# best olivewood finish?



## steve_mcloon

I am about to make a few Bethlehem olivewood pens for an order. Are there any finishes to avoid or that work particularly well with this oily wood? Also, is it ok to use EEE (Tripoli) on it? (I have vague recollections of hearing about problems with EEE or certain finishes with BOW.) Thanks for any advice.
-Steve


----------



## THarvey

I sand BOW to 6000 micromesh, EEE polish, wipe down with lint free cloth, then Myland's friction polish.
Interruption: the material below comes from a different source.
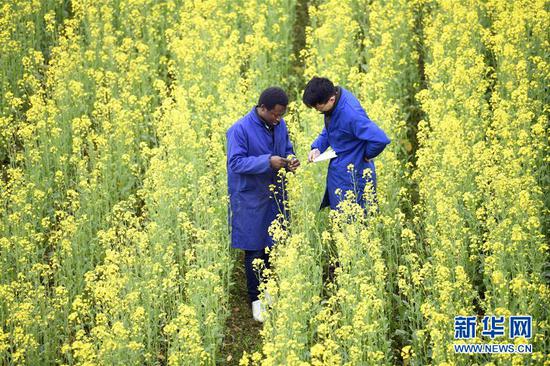  在湖南农业大学油菜机械起垄栽培试验田里，喀麦隆小伙楚柯（左）和同学一起记录油菜生长状况（3月14日摄）。新华社记者 李尕 摄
I have been real pleased with the finish.


----------



## ed4copies

I don't have a good answer.

But, I made one recently, did a CA finish - was pretty happy with it.  Took it to a show, it cracked ACROSS the grain, not with it.

Still don't have a GOOD answer, but don't take it to an outdoor show!!!


----------



## Chasper

I use CA/BLO on olivewood, but I wouldn't call it a finish that works particularily well.  Sometimes it starts great and stays great, other times is seems to cloud up over time.  One variation on CA/BLO that I do for olive wood is to put on pure CA (I use thin) for the first coat or two until I'm sure that it is totally encased in CA.  Then use CA/BLO for 3-4 additional coats to build it up thicker.  Never use accelerant on olivewood, it clouds up enough by itself.


----------



## bitshird

THarvey said:


> I sand BOW to 6000 micromesh, EEE polish, wipe down with lint free cloth, then Myland's friction polish.
> 
> I have been real pleased with the finish.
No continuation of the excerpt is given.